In the early stage of BIPI, the white matter of premature infants mainly manifests as cytotoxic edema, and diffusion of intracellular water molecules is limited, leading to a decrease in the FA value. In the late stage, when vasogenic edema develops, the cell membrane ruptures, and the amount of free water outside the cell increases relatively, which may cause the FA value to decrease more significantly or below the normal level (13). In premature infants with a white matter damage at term CGA, accompanied by vasogenic edema, DWI shows relatively low signals, and the ADC value is increased, which in turn affects the structure and shape of the white matter fiber bundles and may lead to anisotropic reduction in the FA value. In most studies (13-15), the FA value of BIPI was significantly lower than that of normal infants, and the ADC value was higher in the BIPI group compared to normal infants. However, some scholars (16, 17) believe that the ADC value has no significant correlation with the degree of white matter damage in premature infants.
The present study showed that the FA values in the central white matter of the occipital lobe, central white matter of the frontal lobe, centrum semiovale, PLIC, and ventral thalamus were significantly lower in the BIPI group compared to the control group. The ADCs for the central white matter of the occipital lobe, central white matter of the frontal lobe, centrum semiovale, PLIC, and ventral thalamus were significantly lower in the BIPI group compared to the control group. It seems that the FA value is more statistically significant than the ADC. The results of this study are consistent with those reported by Fukasawa et al. (18-20).
When myelination is delayed or nerve fiber bundles are damaged, water diffusion dyskinesia occurs, the degree of anisotropy is reduced, and the FA value is decreased; it can also manifest as a decrease in the rate of FA increase. Therefore, the degree of FA decline is closely related to brain damage (21, 22), and the FA diagram can reflect the degree of anisotropy through signal strength directly and indicate the speed of tissue water diffusion indirectly. In this study, intra-white matter hemorrhage and PVL caused damage, interruption, and reduction in the brain white matter. The FA chart can clearly show these lesions, which is consistent with the results reported by Zubiaurre-Elorza et al. (23).
Berman et al. (24) Vigneron (25) found that the FA value varies in different white matter areas of premature infants. The FA value differs for the white matter in different parts of the newborn’s brain tissue and gradually increases with an increase in gestational age. This study showed that the FA value of PLIC was higher than that of the ventral thalamus, centrum semiovale, central white matter of the occipital lobe, and central white matter of the frontal lobe. The ADC values were lower in the PLIC compared to the ventral thalamus, centrum semiovale, central white matter of the occipital lobe, and central white matter of the frontal lobe. Therefore, FA and ADC can reflect the brain development of premature infants (26, 27). During the brain development of premature newborns, the ADC of brain tissue gradually decreases with age, while the FA value gradually increases with age. This reflects the maturity of the white matter, which is mainly related to an increase in the concentration of myelin and a decline in the extracellular space and water molecules during axon myelination (25, 28).

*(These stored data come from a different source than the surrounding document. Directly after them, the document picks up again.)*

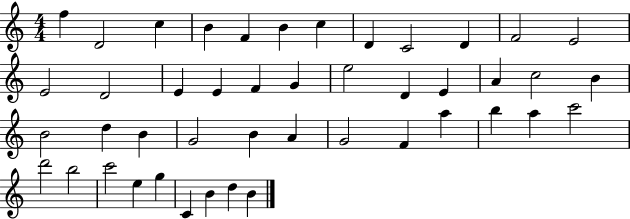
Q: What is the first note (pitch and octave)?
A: F5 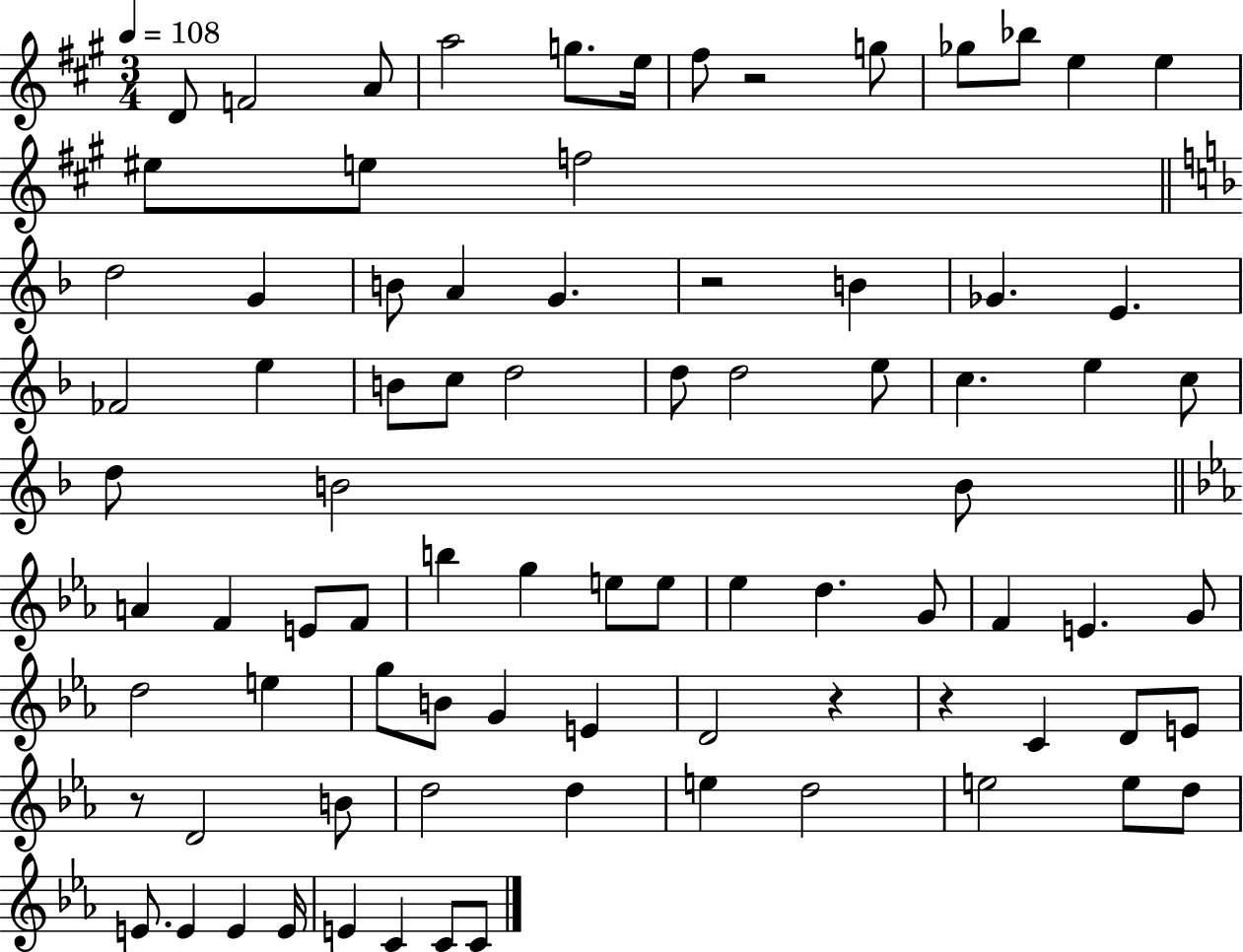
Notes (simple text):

D4/e F4/h A4/e A5/h G5/e. E5/s F#5/e R/h G5/e Gb5/e Bb5/e E5/q E5/q EIS5/e E5/e F5/h D5/h G4/q B4/e A4/q G4/q. R/h B4/q Gb4/q. E4/q. FES4/h E5/q B4/e C5/e D5/h D5/e D5/h E5/e C5/q. E5/q C5/e D5/e B4/h B4/e A4/q F4/q E4/e F4/e B5/q G5/q E5/e E5/e Eb5/q D5/q. G4/e F4/q E4/q. G4/e D5/h E5/q G5/e B4/e G4/q E4/q D4/h R/q R/q C4/q D4/e E4/e R/e D4/h B4/e D5/h D5/q E5/q D5/h E5/h E5/e D5/e E4/e. E4/q E4/q E4/s E4/q C4/q C4/e C4/e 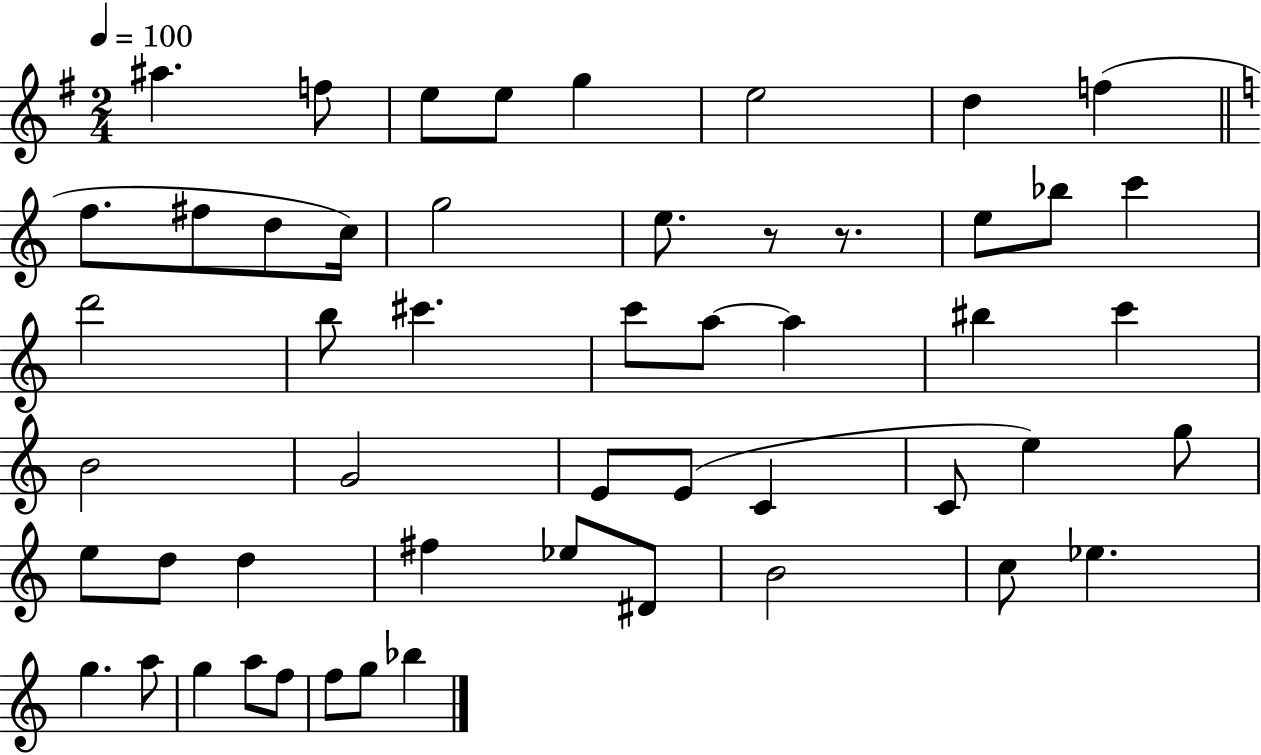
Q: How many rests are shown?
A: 2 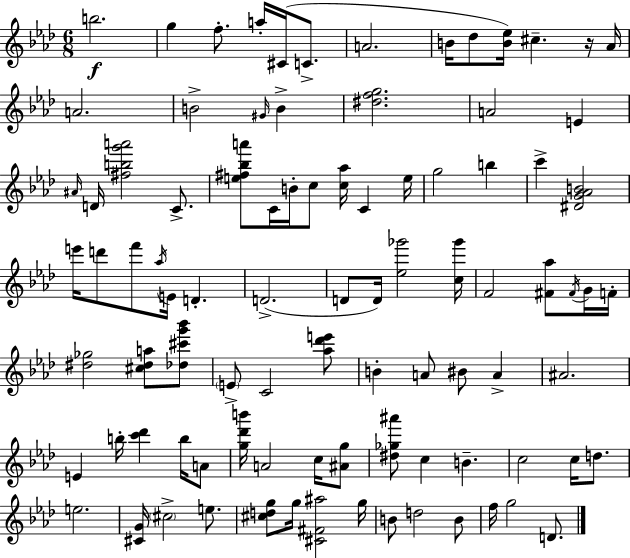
B5/h. G5/q F5/e. A5/s C#4/s C4/e. A4/h. B4/s Db5/e [B4,Eb5]/s C#5/q. R/s Ab4/s A4/h. B4/h G#4/s B4/q [D#5,F5,G5]/h. A4/h E4/q A#4/s D4/s [F#5,B5,G6,A6]/h C4/e. [E5,F#5,Bb5,A6]/e C4/s B4/s C5/e [C5,Ab5]/s C4/q E5/s G5/h B5/q C6/q [D#4,G4,Ab4,B4]/h E6/s D6/e F6/e Ab5/s E4/s D4/q. D4/h. D4/e D4/s [Eb5,Gb6]/h [C5,Gb6]/s F4/h [F#4,Ab5]/e F#4/s G4/s F4/s [D#5,Gb5]/h [C#5,D#5,A5]/e [Db5,C#6,G6,Bb6]/e E4/e C4/h [Ab5,Db6,E6]/e B4/q A4/e BIS4/e A4/q A#4/h. E4/q B5/s [C6,Db6]/q B5/s A4/e [G5,Db6,B6]/s A4/h C5/s [A#4,G5]/e [D#5,Gb5,A#6]/e C5/q B4/q. C5/h C5/s D5/e. E5/h. [C#4,G4]/s C#5/h E5/e. [C#5,D5,G5]/e G5/s [C#4,F#4,A#5]/h G5/s B4/e D5/h B4/e F5/s G5/h D4/e. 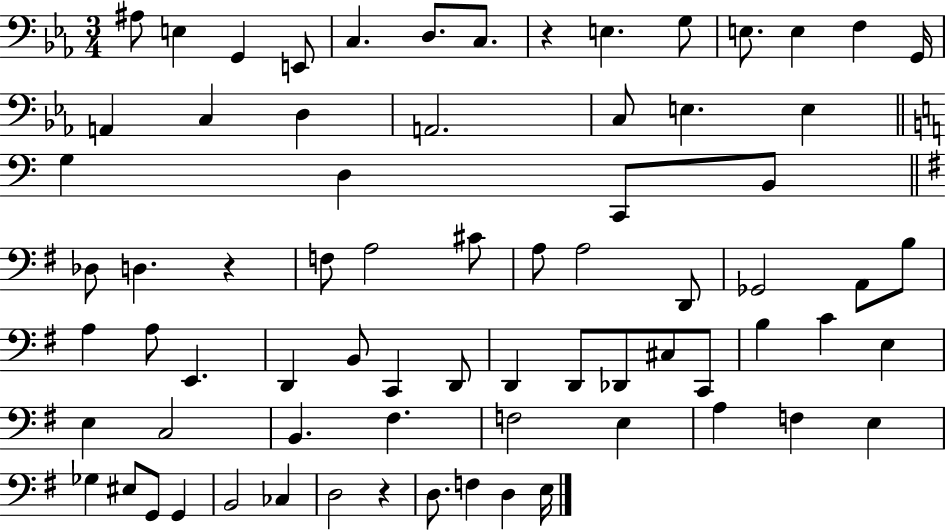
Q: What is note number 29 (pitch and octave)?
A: C#4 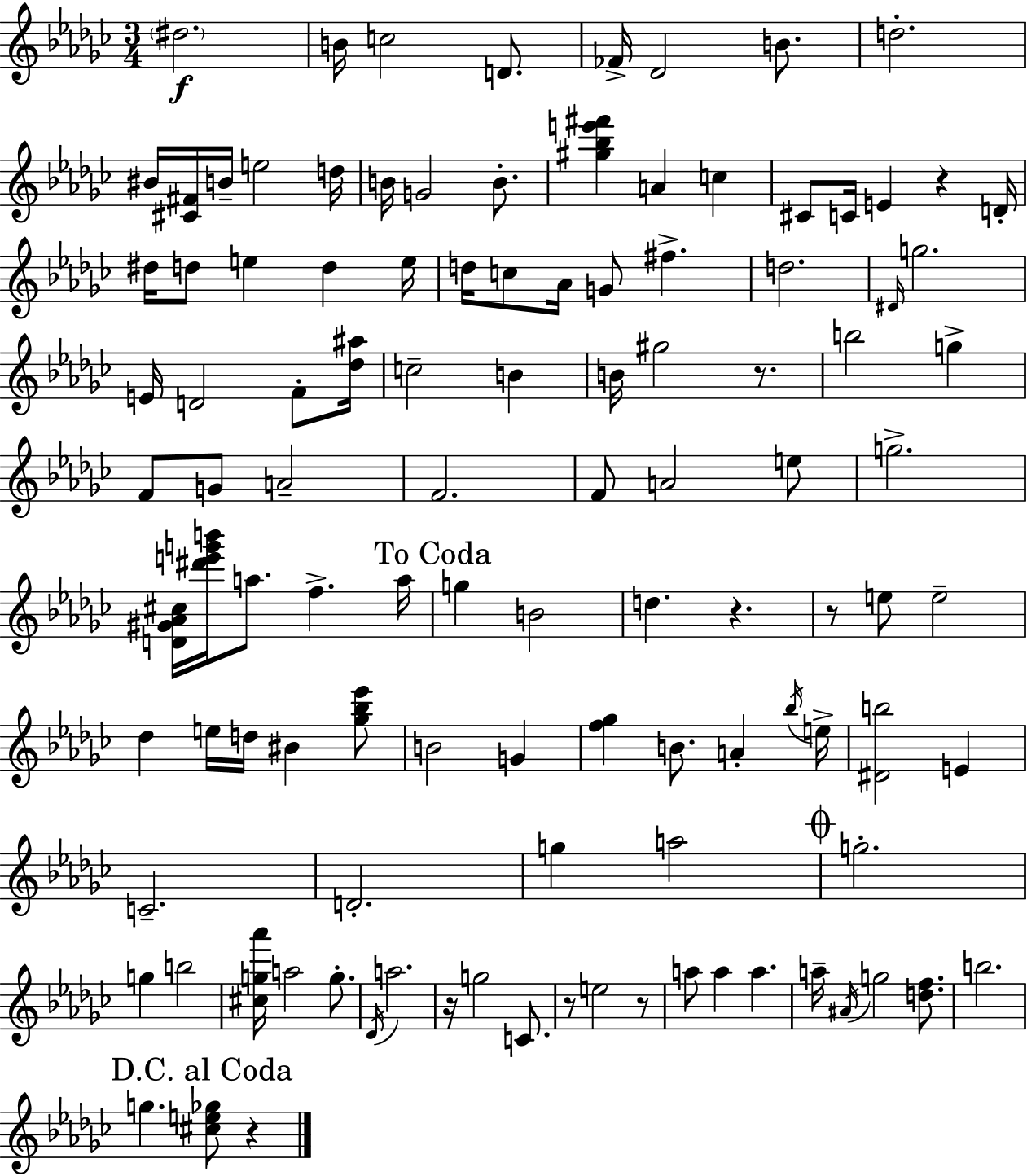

In this study, comparison of FA and ADC values in the central white matter of the frontal lobe, central white matter of the occipital lobe, centrum semiovale, PLIC, and ventral thalamus between the LBW and VLBW groups with BIPI showed no significant differences. Previous studies have shown that even after correction at term CGA (29), there are still differences in the structural properties of the white matter between premature and term infants. The FA values of the white matter, striatum, PLIC, external capsule, and corpus callosum in premature infants were still significantly lower than those of term newborns (29, 30). In the current study, premature infants with BIPI were divided into LBW and VLBW groups, according to their weight. However, there was no significant difference in the FA and ADC values between the two groups at term CGA, indicating that weight may not be a highly influential risk factor.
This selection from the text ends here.